_Task_:
Could you please transcribe the data exactly, without the pictures?

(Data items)
____________________
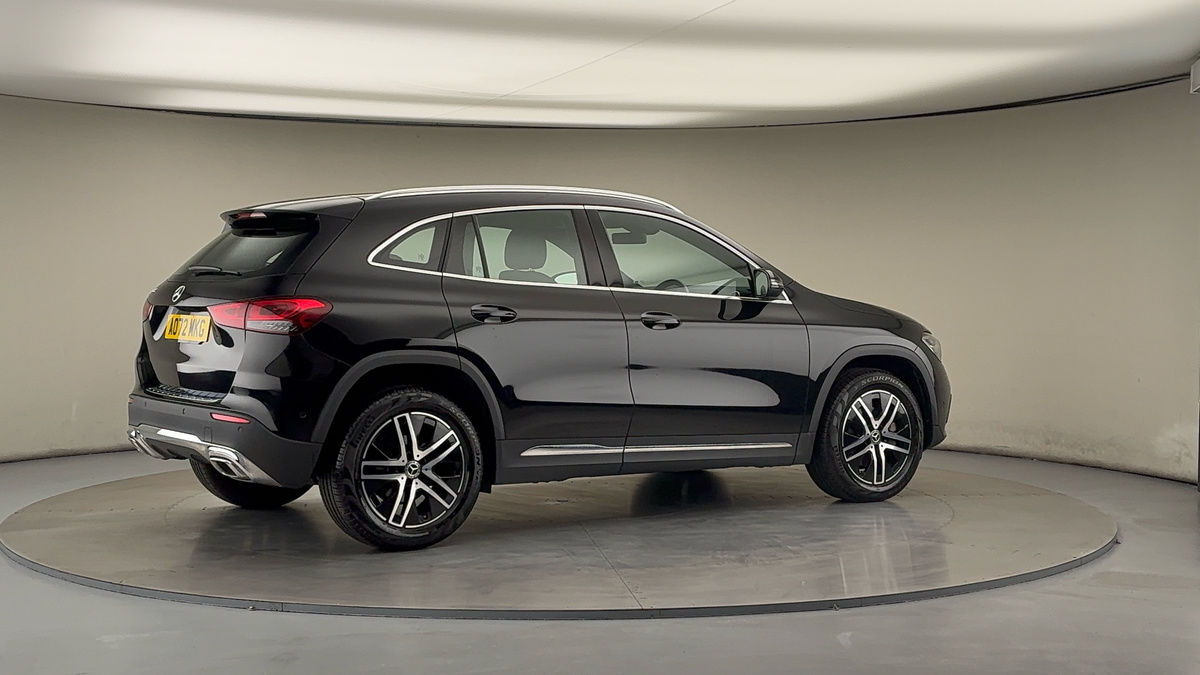 More views of Mercedes-Benz GLA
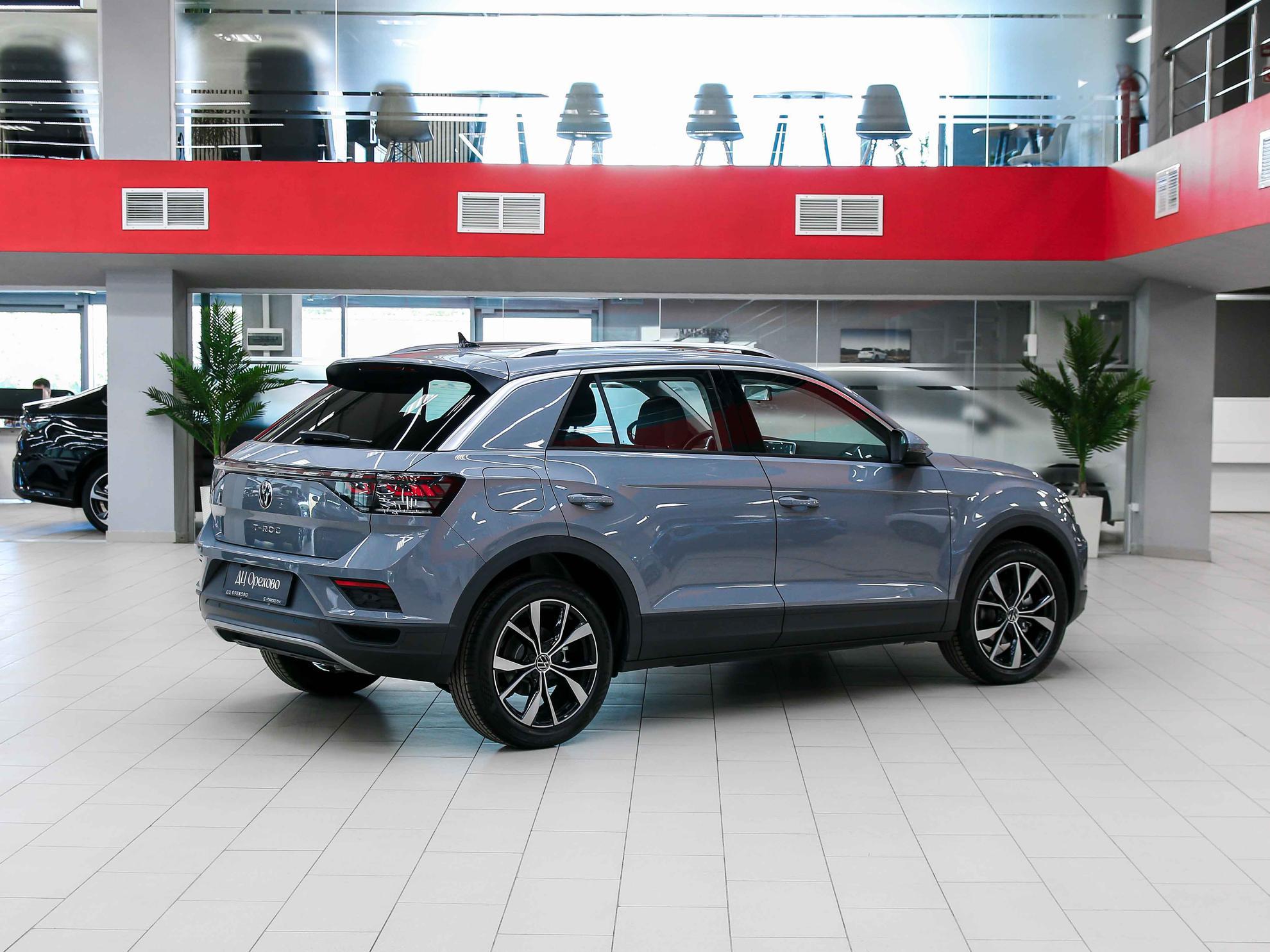 Volkswagen T-Roc 2026, серый, ДЦ Орехово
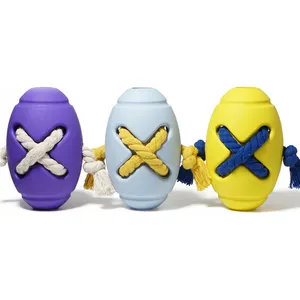 नई डिजाइन रस्सी रग्बी गेंद उज्ज्वल रंग टिकाऊ पालतू खिलौने खाद्य इलाज कुत्ते चबाना रबर खिलौना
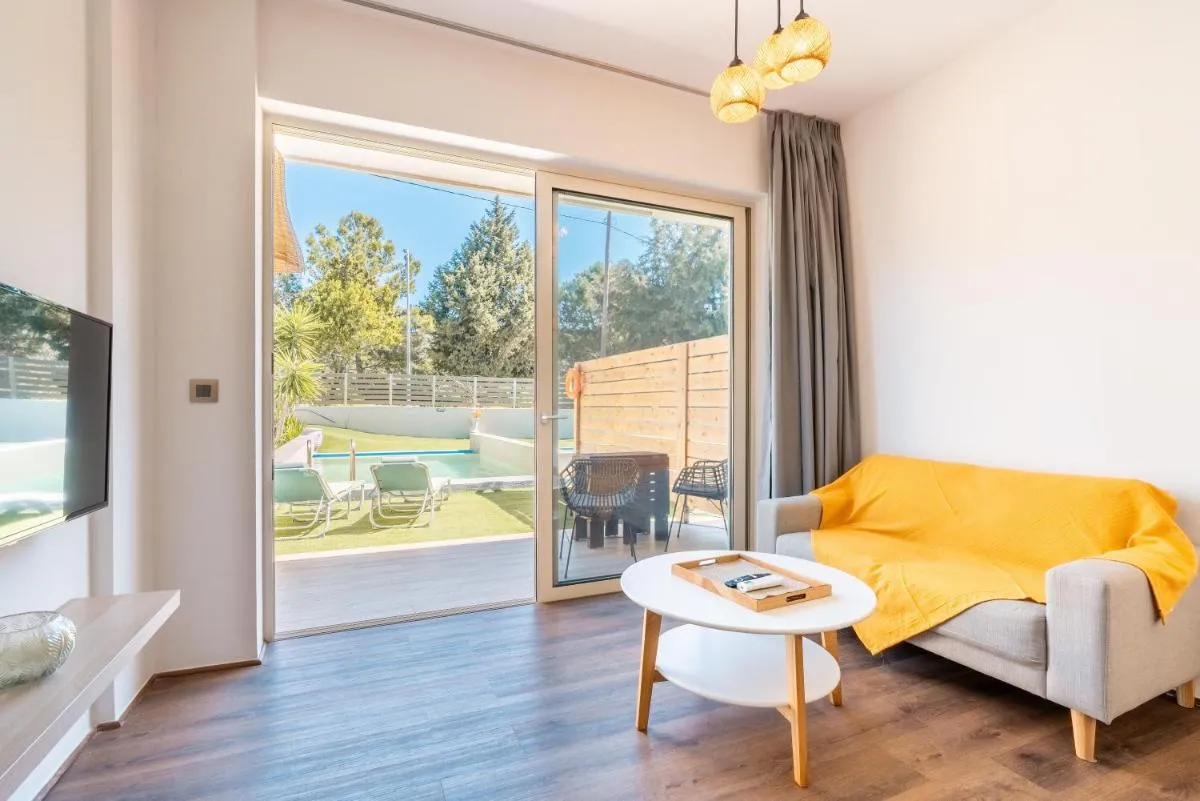 Image 1 of M&B Luxury Suites Charaki
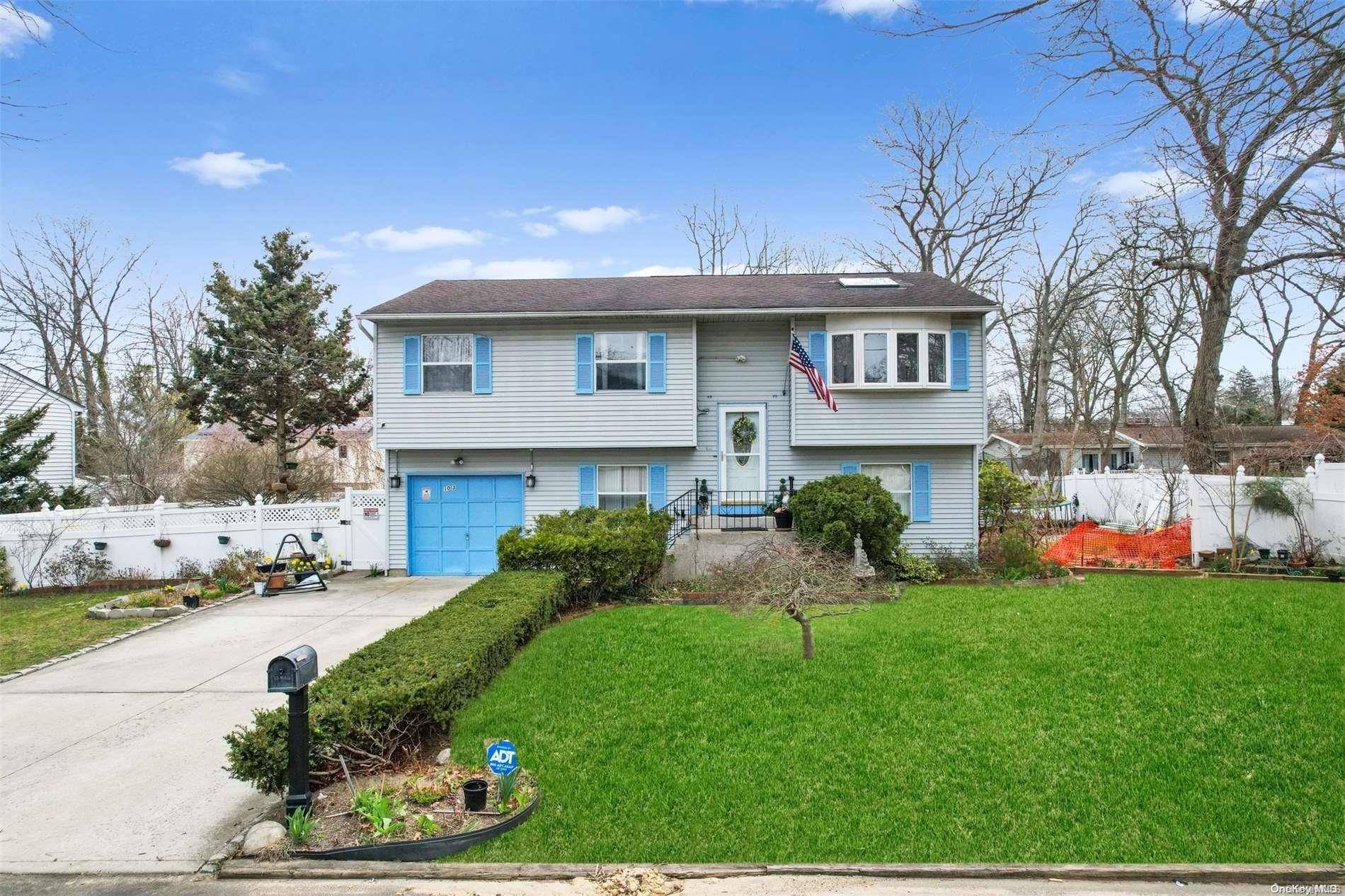 103 Ulster AVE, West Babylon, NY 11704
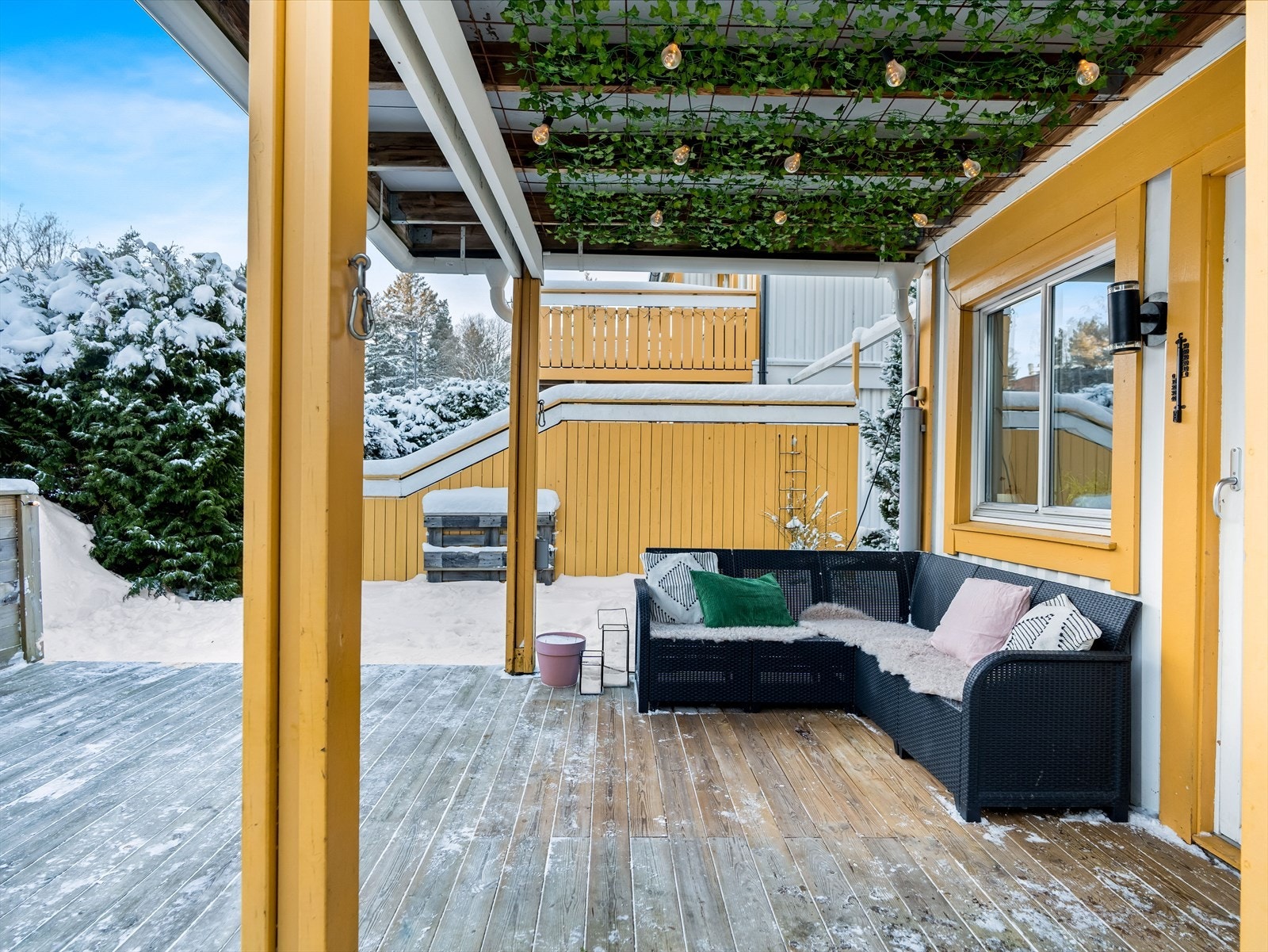 Terrassen er fint skjermet med hekk, og er delvis overbygget. Galleribilde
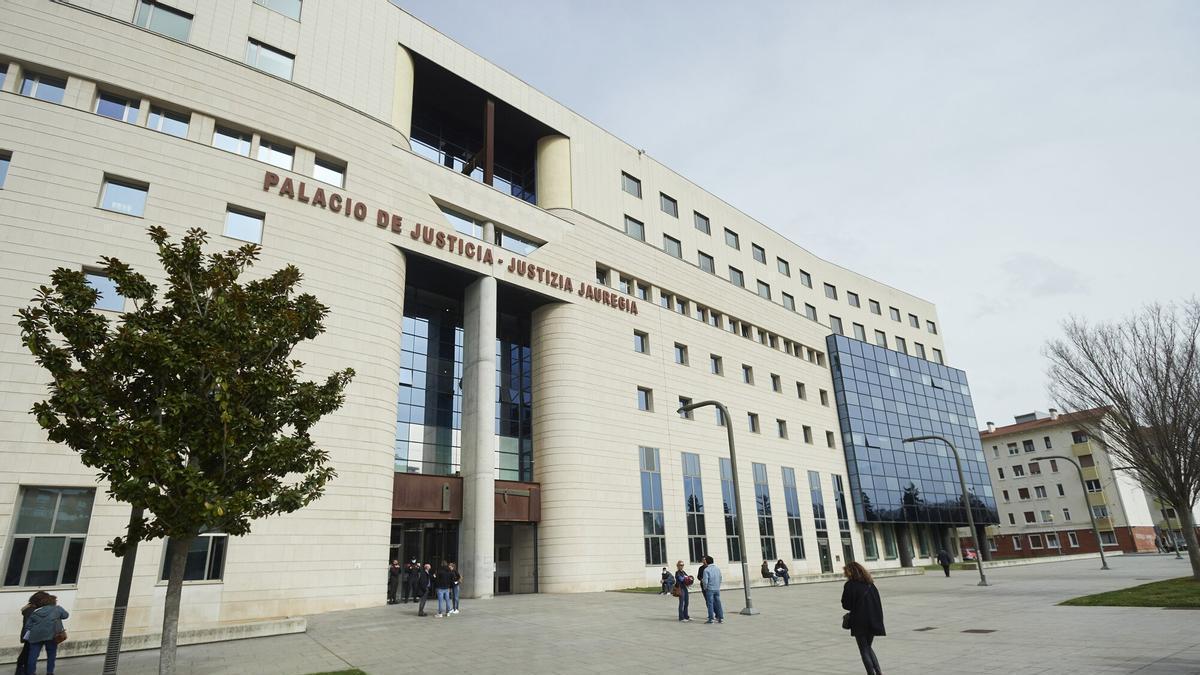 Imagen del exterior del Palacio de Justicia de Navarra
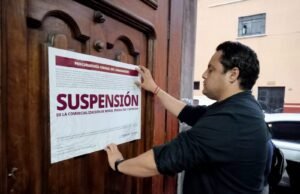 Suspenden restaurante en Puebla tras denuncia por presuntos insultos y cobro irregular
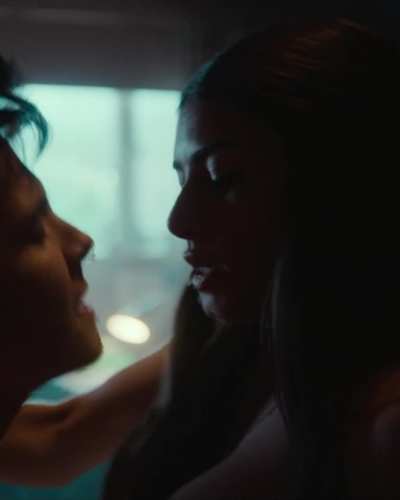 If only Mimi Keene would ride me like this...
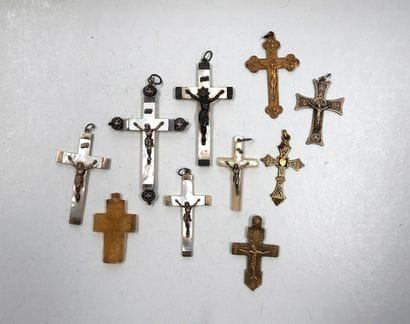 RELIGIOSA - ENSEMBLE de 4 crucifix de chapelet...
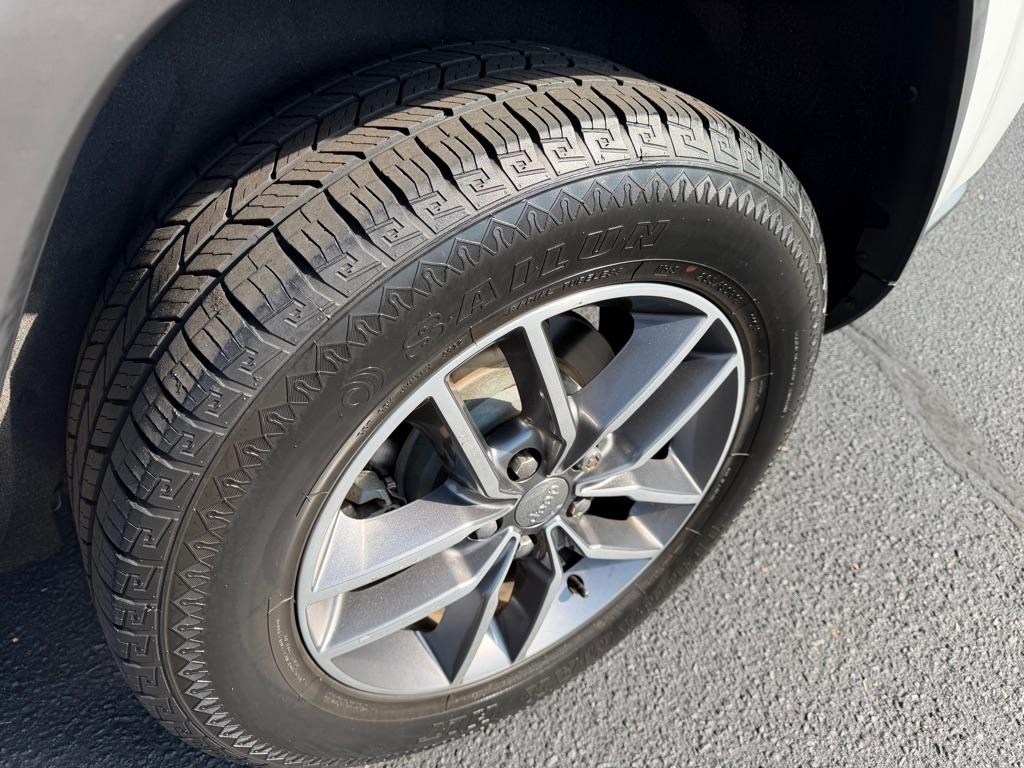 Jeep Grand Cherokee Limited 2WD 2018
____________________
_Result of the task_:
 More views of Mercedes-Benz GLA
 Volkswagen T-Roc 2026, серый, ДЦ Орехово
 नई डिजाइन रस्सी रग्बी गेंद उज्ज्वल रंग टिकाऊ पालतू खिलौने खाद्य इलाज कुत्ते चबाना रबर खिलौना
 Image 1 of M&B Luxury Suites Charaki
 103 Ulster AVE, West Babylon, NY 11704
 Terrassen er fint skjermet med hekk, og er delvis overbygget. Galleribilde
 Imagen del exterior del Palacio de Justicia de Navarra
 Suspenden restaurante en Puebla tras denuncia por presuntos insultos y cobro irregular
 If only Mimi Keene would ride me like this...
 RELIGIOSA - ENSEMBLE de 4 crucifix de chapelet...
 Jeep Grand Cherokee Limited 2WD 2018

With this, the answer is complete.